US House & Senate Pass Bill to Avert Shutdown

Facts

  • With a federal government shutdown deadline looming at midnight Friday, the Senate and House voted to pass a stopgap bill to fund the federal government through Dec. 16 and also provide more funding to Ukraine.
  • Senators were able to keep spending for federal agencies at current levels, as well as provide Ukraine with $12B for training, equipment and logistics support, humanitarian aid, and replenishment of US weapons and munitions, including $35M in nuclear preparedness funding.
  • The legislation had been held up by Senator Joe Manchin (D-W.Va.) over his proposed measures to expedite energy infrastructure projects in his home state, though he agreed to drop the measures in the face of bipartisan criticism.
  • The bill also includes relief funding for communities impacted by natural disasters, low-income home heating programs, addressing the Jackson, Miss. water crisis, and a reauthorization of the FDA's user fees for five years.
  • The bill didn't include additional funding related to COVID and monkeypox that Biden had requested. It did, however, transfer $3B from the Pentagon to the State Dept. for Afghan resettlement operations.
  • The bill passed the House by a vote of 230-201, and the Senate by 72-25, and was forwarded to Biden for final signature.

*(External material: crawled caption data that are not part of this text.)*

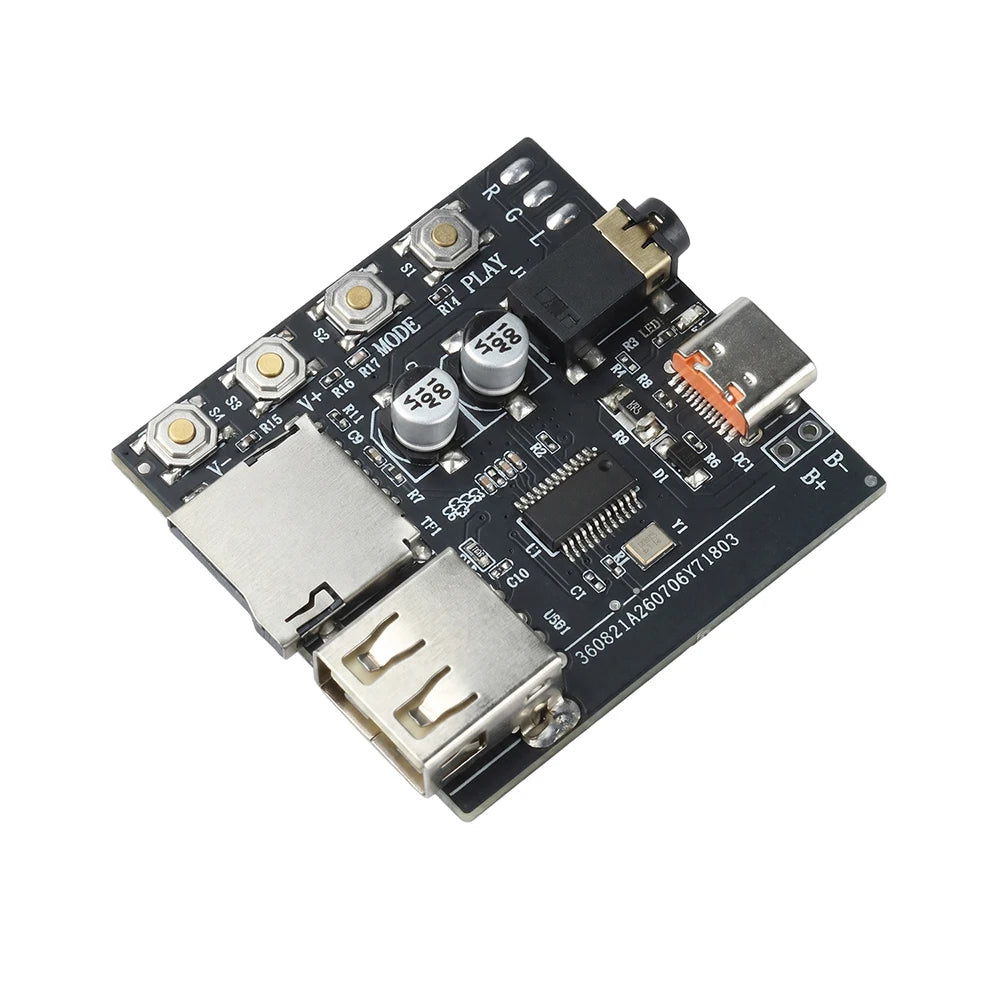 DC 5V BT 6.0 MP3 Audio Decoding Board Audio Receiver Module Type C Supports AAC Supports Online Tuning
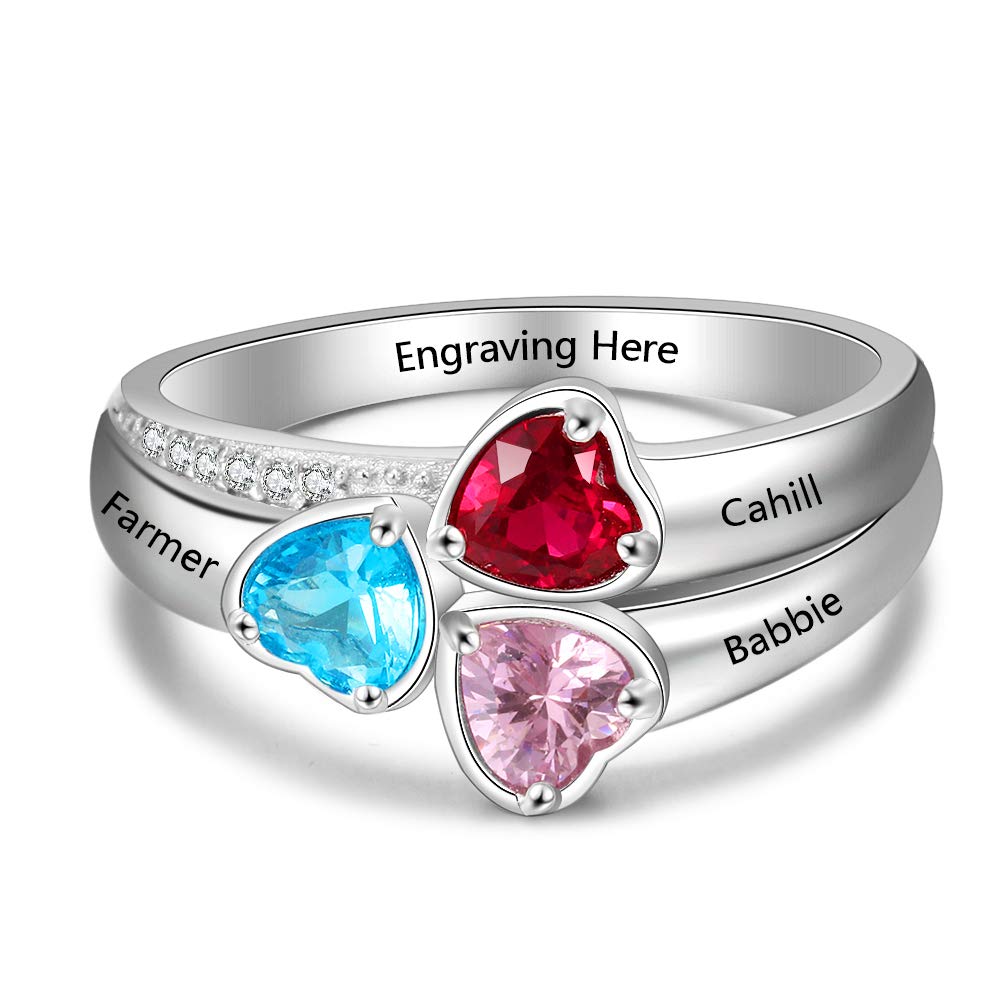 925 Sterling Silver Mother Daughter Rings with 3 Simulated Birthstones Family Promise Jewelry for Grandmother Meaningful Anniversary Rings (9)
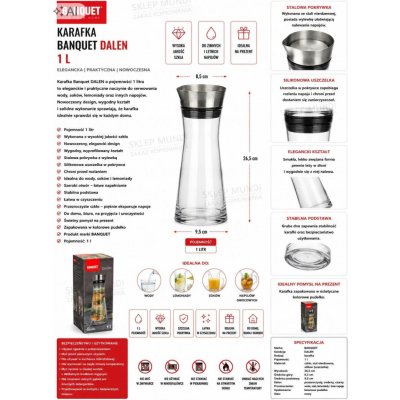 BANQUET Karafa s nálevkou DALEN 1000 ml – Hledejceny.cz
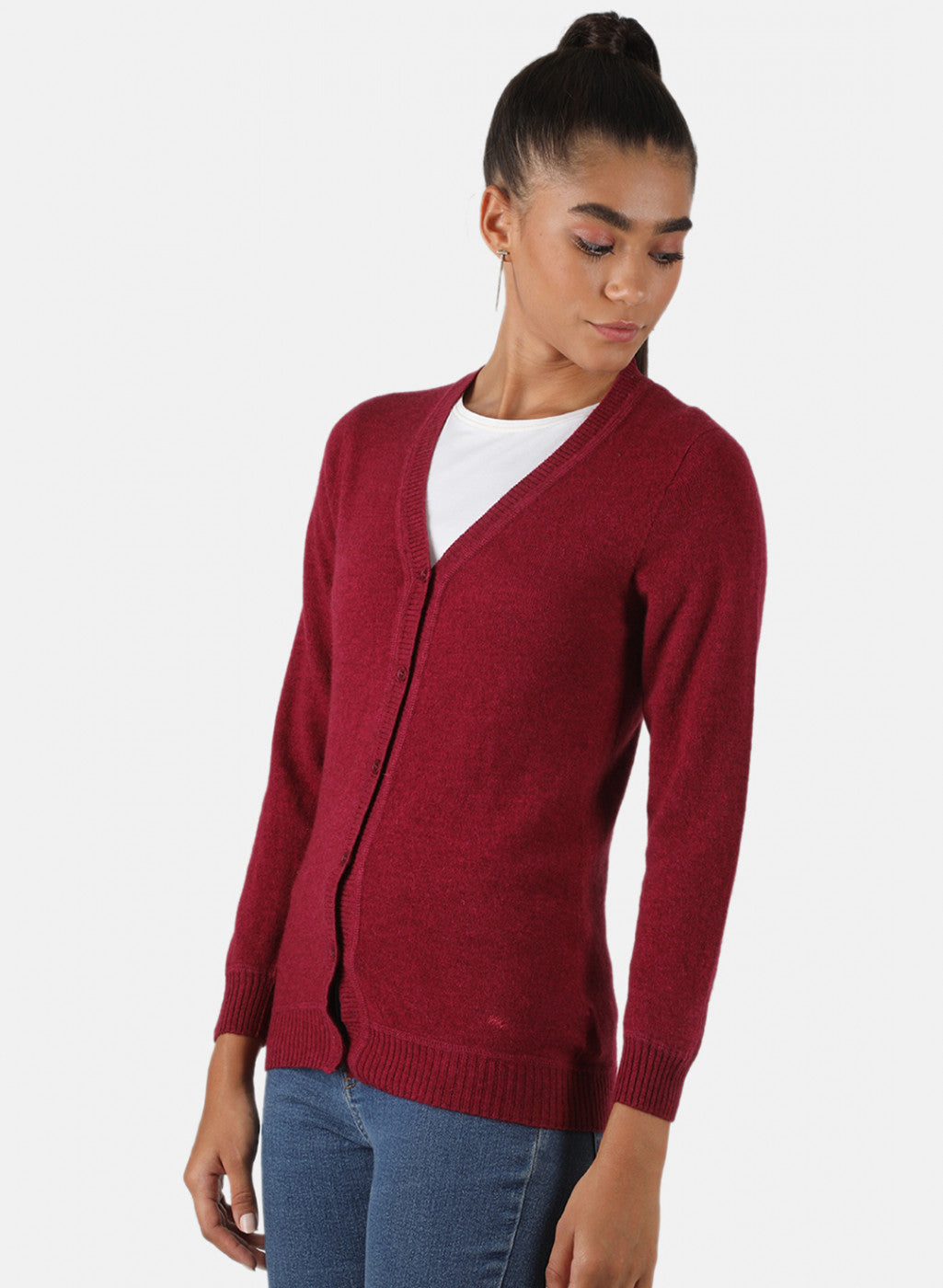 Women Red Solid Cardigan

Sources: FOX News, Wall Street Journal, NPR Online News, and New York Post.

Narratives

  • Pro-establishment narrative, as provided by NBC. With everything going on around the world and in the US, this bill saved a lot of Americans from the catastrophe of a government shutdown. With the help of Senate Republicans, Democrats have kept vital federal agencies open while boosting aid to victims of both natural disasters at home and of war abroad. In this case, the bipartisan collaboration worked.
  • Establishment-critical narrative, as provided by FOX News. House Republicans were correct in voting against this bill, but to no avail, as the Senate GOP chose to side with the Democrats. Not only does this stopgap measure continue to fund anti-Republican institutions like the National Institutes of Health and World Health Organization, Mitch McConnel and his followers just voted to give Democrats more budgetary power ahead of the mid-terms. Unpopular initiatives were rammed through in the name of "bipartisan consensus."